Por fim, aos novos contratos de arrendamento que beneficiem das reduções acima descritas, é aplicada uma redução adicional de 5% na taxa autónoma sempre que a renda seja inferior, em pelo menos 5%, à renda do contrato de arrendamento anterior sobre o mesmo imóvel.
Nota: caso os contratos de arrendamento que beneficiem da redução na taxa autónoma cessem antes de decorridos os seus prazos, por motivos imputáveis ao senhorio, extingue-se o direito às reduções das taxas aí previstas, com efeitos desde o início do contrato ou da sua renovação, devendo o titular dos rendimentos no ano da cessação do contrato, proceder à declaração desse facto para que seja regularizada a diferença entre o imposto que foi pago em cada ano e aquele que deveria ter sido pago.
- Alterações ao Estatuto dos Benefícios Fiscais:
- Incentivos ao arrendamento habitacional a custos acessíveis: são revogados diversos benefícios relacionados com os incentivos à reabilitação urbana e ao arrendamento habitacional a custos acessíveis previstos para fundos imobiliários, sendo, alternativamente, apresentada a seguinte proposta:
O saldo positivo entre as mais-valias e as menos-valias resultantes da alienação de unidades de participação em fundos de investimento imobiliário e sociedades de investimento imobiliário que operem de acordo com a legislação nacional, desde que pelo menos 75% dos seus ativos sejam bens imóveis afetos a arrendamento habitacional a custos acessíveis, é tributado à taxa de 10% quando os titulares sejam entidades não residentes (que não beneficiem do benefícios das mais-valias realizadas por não residentes do artigo 27.º do Estatuto dos Benefícios Fiscais) ou sujeitos passivos de IRS residentes em Portugal que obtenham os rendimentos fora do âmbito de uma atividade comercial, industrial ou agrícola, e não optem pelo respetivo englobamento.

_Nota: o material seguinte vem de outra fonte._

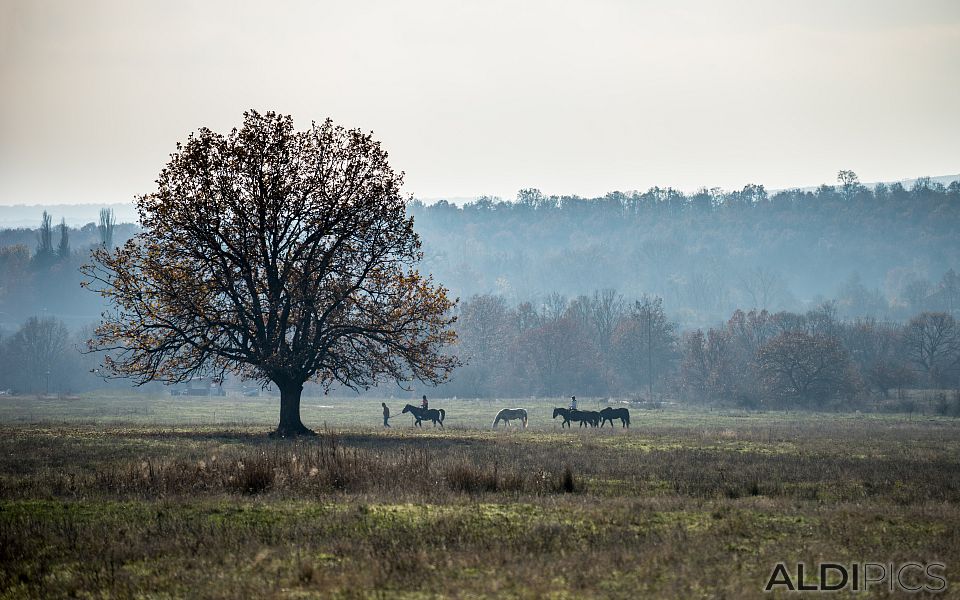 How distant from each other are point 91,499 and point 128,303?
17015 millimetres

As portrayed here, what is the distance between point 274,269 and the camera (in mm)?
34656

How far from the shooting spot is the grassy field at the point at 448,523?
11516 millimetres

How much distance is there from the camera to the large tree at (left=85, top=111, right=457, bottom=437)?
33.2m

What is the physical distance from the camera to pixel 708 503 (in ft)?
56.1

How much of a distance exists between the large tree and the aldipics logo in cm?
2307

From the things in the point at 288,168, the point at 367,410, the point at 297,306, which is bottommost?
the point at 367,410

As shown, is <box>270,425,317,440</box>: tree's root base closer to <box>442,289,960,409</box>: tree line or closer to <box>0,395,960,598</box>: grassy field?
<box>0,395,960,598</box>: grassy field

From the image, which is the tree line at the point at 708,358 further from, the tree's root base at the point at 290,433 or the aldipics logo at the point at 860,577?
the aldipics logo at the point at 860,577

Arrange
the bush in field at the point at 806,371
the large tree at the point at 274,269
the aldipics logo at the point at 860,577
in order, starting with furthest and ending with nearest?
the bush in field at the point at 806,371
the large tree at the point at 274,269
the aldipics logo at the point at 860,577

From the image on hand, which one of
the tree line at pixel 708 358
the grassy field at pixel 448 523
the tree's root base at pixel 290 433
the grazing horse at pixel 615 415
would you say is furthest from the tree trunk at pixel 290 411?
the tree line at pixel 708 358

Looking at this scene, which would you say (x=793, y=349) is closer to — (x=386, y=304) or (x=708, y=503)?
(x=386, y=304)

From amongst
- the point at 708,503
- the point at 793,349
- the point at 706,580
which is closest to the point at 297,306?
the point at 708,503

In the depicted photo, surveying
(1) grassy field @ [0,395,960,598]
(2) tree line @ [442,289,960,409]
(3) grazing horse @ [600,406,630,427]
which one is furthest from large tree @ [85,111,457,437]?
(2) tree line @ [442,289,960,409]

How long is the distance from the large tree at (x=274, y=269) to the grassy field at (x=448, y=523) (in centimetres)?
854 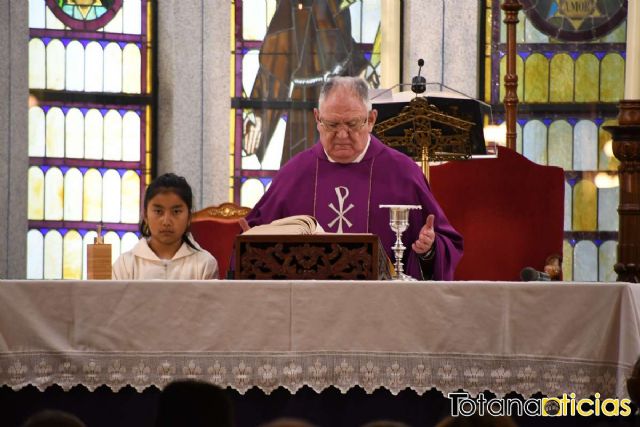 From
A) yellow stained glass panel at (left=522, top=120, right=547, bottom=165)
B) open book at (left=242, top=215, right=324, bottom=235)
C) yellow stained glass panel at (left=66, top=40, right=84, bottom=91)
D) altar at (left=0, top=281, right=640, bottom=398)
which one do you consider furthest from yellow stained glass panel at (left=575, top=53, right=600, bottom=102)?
altar at (left=0, top=281, right=640, bottom=398)

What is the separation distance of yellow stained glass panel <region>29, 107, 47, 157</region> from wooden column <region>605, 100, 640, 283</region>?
506 cm

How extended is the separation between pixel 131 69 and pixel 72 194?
3.71 feet

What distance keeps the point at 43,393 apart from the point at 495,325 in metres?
1.40

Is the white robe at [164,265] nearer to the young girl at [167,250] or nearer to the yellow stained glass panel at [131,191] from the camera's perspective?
the young girl at [167,250]

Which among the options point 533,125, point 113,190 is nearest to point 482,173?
point 533,125

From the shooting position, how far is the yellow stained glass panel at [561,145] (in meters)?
10.3

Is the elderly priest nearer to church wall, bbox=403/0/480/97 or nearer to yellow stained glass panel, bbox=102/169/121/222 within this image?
church wall, bbox=403/0/480/97

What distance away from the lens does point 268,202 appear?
5.62 metres

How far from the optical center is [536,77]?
33.6 ft

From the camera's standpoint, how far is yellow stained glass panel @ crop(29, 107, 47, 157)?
989cm

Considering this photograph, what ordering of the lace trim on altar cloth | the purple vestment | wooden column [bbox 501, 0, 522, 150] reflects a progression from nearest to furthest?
the lace trim on altar cloth, the purple vestment, wooden column [bbox 501, 0, 522, 150]

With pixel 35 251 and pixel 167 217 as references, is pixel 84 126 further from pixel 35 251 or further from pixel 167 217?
pixel 167 217

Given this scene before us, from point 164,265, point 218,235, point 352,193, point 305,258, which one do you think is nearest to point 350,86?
point 352,193

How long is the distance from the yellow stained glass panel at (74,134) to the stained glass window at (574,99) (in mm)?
3334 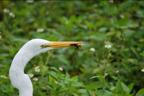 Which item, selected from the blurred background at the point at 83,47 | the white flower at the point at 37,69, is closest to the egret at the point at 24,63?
the blurred background at the point at 83,47

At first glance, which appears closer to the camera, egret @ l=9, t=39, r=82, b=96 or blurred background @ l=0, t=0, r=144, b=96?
egret @ l=9, t=39, r=82, b=96

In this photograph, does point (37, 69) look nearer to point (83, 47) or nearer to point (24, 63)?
point (24, 63)

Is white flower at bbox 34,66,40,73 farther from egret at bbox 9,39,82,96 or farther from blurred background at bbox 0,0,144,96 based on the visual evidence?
egret at bbox 9,39,82,96

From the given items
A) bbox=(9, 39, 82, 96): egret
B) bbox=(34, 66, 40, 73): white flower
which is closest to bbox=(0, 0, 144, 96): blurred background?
bbox=(34, 66, 40, 73): white flower

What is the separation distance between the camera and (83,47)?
5488 millimetres

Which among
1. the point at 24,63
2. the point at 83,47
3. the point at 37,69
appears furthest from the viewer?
the point at 83,47

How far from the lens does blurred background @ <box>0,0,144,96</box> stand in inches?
171

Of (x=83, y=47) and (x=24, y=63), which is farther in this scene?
(x=83, y=47)

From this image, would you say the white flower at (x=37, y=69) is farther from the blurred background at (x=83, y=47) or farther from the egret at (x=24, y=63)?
the egret at (x=24, y=63)

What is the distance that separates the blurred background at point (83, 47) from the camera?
4.36 metres

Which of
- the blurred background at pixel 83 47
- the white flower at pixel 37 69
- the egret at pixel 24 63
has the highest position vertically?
the egret at pixel 24 63

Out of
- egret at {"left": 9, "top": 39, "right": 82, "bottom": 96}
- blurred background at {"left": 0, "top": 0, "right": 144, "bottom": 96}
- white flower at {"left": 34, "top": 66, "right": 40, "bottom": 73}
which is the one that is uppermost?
egret at {"left": 9, "top": 39, "right": 82, "bottom": 96}

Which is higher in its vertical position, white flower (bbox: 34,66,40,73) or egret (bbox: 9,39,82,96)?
A: egret (bbox: 9,39,82,96)

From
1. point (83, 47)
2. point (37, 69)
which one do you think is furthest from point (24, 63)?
point (83, 47) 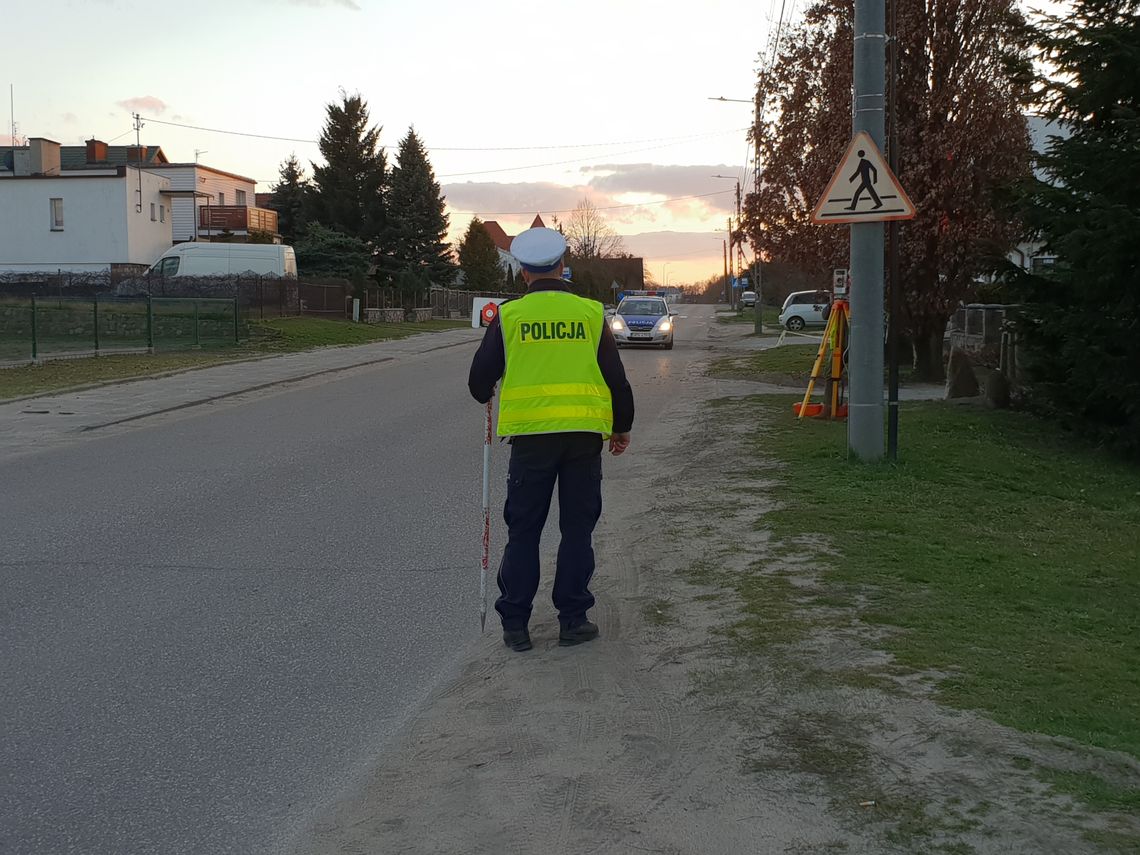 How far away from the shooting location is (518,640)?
5371 mm

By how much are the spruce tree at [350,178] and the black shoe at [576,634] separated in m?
60.6

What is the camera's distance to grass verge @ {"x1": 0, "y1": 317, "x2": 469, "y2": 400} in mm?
20344

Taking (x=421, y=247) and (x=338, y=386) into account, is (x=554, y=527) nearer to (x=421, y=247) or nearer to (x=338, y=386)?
(x=338, y=386)

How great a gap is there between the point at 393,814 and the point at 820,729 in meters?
1.56

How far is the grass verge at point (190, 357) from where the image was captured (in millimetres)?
20344

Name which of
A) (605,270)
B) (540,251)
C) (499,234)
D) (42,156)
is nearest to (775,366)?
(540,251)

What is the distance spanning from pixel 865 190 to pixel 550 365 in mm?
5457

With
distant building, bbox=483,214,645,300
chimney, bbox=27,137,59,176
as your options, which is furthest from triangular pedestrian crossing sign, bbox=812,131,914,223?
distant building, bbox=483,214,645,300

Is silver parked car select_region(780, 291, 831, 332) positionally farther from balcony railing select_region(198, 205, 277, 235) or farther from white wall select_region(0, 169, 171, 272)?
white wall select_region(0, 169, 171, 272)

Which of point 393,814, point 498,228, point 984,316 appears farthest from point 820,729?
point 498,228

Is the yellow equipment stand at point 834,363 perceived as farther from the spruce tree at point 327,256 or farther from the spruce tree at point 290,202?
the spruce tree at point 290,202

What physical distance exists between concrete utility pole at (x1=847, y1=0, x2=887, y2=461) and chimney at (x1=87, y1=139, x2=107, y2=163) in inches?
2428

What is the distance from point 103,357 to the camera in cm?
2536

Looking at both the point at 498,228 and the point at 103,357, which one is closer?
the point at 103,357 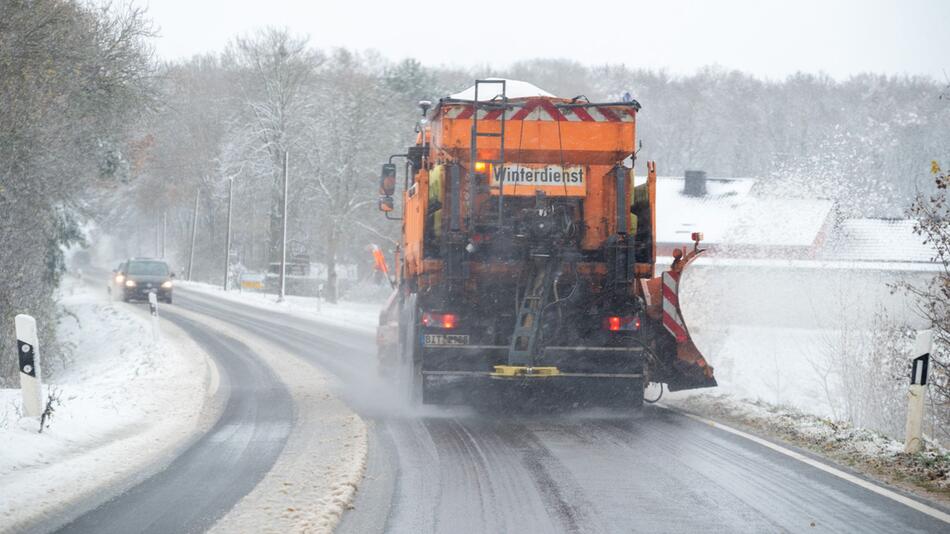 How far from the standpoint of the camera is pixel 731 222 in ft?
154

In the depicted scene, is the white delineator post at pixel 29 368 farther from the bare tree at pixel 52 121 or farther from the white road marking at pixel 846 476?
the white road marking at pixel 846 476

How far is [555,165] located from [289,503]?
206 inches

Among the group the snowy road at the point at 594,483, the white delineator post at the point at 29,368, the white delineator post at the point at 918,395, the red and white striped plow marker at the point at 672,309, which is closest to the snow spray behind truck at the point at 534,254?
the red and white striped plow marker at the point at 672,309

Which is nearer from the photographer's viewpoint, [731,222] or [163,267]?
[163,267]

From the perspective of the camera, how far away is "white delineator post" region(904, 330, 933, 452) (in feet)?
25.9

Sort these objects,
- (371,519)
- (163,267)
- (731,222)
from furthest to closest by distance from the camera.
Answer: (731,222) → (163,267) → (371,519)

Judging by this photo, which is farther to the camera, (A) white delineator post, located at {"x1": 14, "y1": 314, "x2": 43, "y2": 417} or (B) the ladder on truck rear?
(B) the ladder on truck rear

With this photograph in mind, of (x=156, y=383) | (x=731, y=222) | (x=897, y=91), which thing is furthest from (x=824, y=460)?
(x=897, y=91)

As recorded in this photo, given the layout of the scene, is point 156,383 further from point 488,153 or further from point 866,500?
point 866,500

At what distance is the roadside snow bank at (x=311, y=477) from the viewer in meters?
5.77

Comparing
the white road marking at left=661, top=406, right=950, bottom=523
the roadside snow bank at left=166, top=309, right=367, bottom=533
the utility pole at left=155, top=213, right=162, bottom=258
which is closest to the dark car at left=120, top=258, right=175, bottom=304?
the roadside snow bank at left=166, top=309, right=367, bottom=533

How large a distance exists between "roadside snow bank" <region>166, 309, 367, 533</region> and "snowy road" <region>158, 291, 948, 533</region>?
158mm

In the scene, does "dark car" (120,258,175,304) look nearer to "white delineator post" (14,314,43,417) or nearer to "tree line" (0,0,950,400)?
"tree line" (0,0,950,400)

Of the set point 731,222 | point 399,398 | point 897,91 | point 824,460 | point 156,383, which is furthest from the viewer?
point 897,91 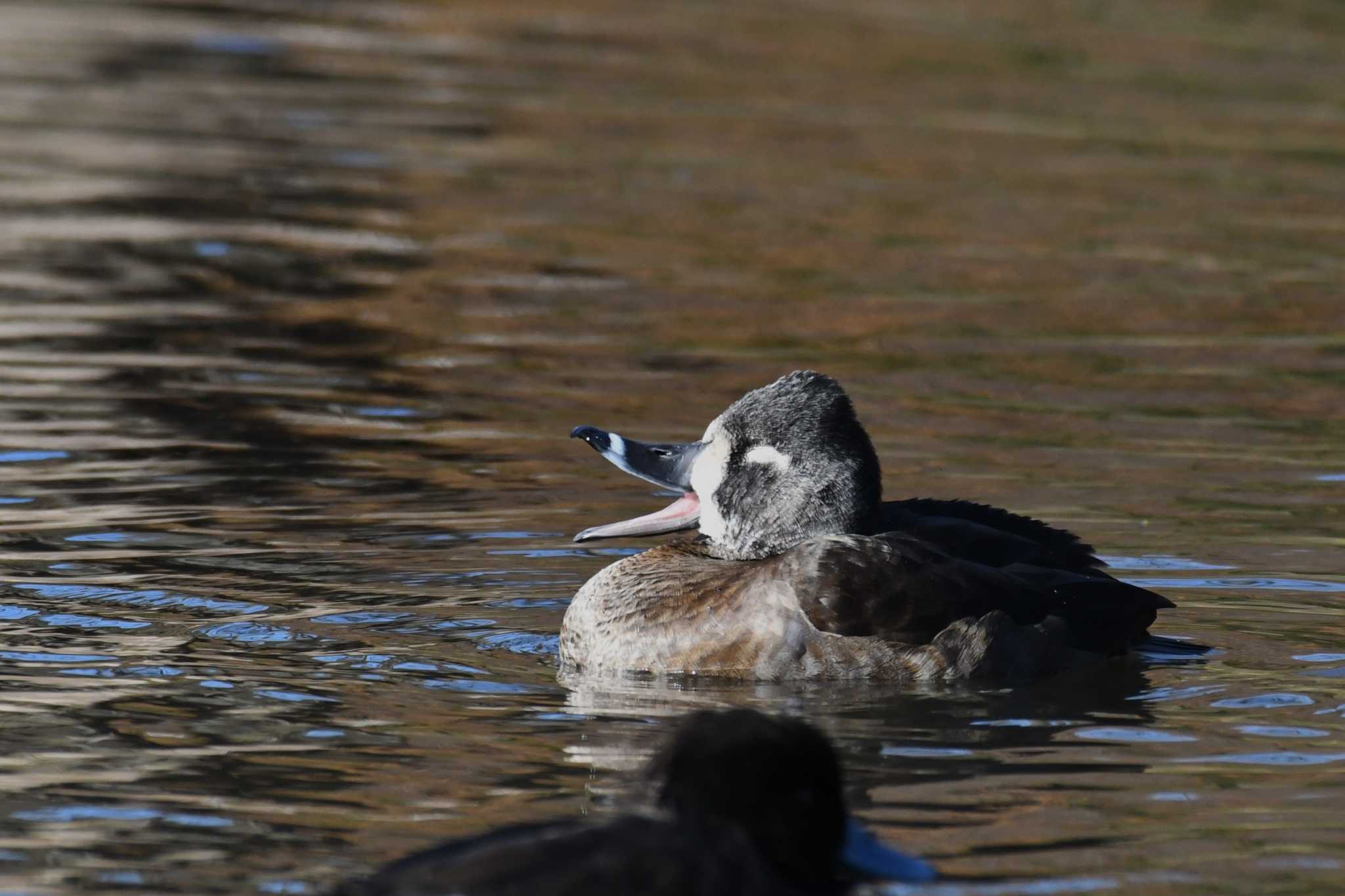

- Transferência de imóveis de alojamento local para arrendamento: prevê-se a isenção de tributação em sede de IRS e IRC dos rendimentos prediais decorrentes de contratos de arrendamento para habitação permanente, até 31 de dezembro de 2029, desde que verificadas, cumulativamente, as seguintes condições:
- Os rendimentos resultem da transferência de um imóvel afeto a AL para arrendamento de habitação permanente;
- O estabelecimento de AL tenha sido registado e afeto a esse fim até 31 de dezembro de 2022;
- A celebração e registo do contrato de arrendamento nas Finanças ocorra até 31 de dezembro de 2024.
Esta proposta implicará restrições profundas ao programa de Vistos Gold, não sendo admitidos novos pedidos de autorização de residência para atividade de investimento, a partir do momento da entrada em vigor da Lei, que antes eram concedidos nas seguintes situações:
- Em que fosse exercida qualquer atividade pessoalmente ou através de uma sociedade que conduzisse à concretização de, pelo menos, uma das seguintes situações em território nacional e por um período mínimo de cinco anos:
- Transferência de capitais no montante igual ou superior a 1,5 milhões de euros;
- Aquisição de bens imóveis de valor igual ou superior a €500.000,00;
- Aquisição de bens imóveis, cuja construção tenha sido concluída há, pelo menos, 30 anos ou localizados em área de reabilitação urbana e realização de obras de reabilitação dos bens imóveis adquiridos, no montante global igual ou superior a €350.000,00.
De acordo com a proposta apresentada, esta proibição não prejudica a possibilidade de renovação das autorizações de residência para atividade de investimento quando essas autorizações tenham sido concedidas ao abrigo do regime legal aplicável até à data da entrada em vigor da lei.
Mantêm-se igualmente válidos os pedidos de concessão e de renovação de autorização de residência para atividade de investimento com base nos pontos acima listados que tenham sido solicitados e aguardem decisão na data de entrada em vigor da Lei.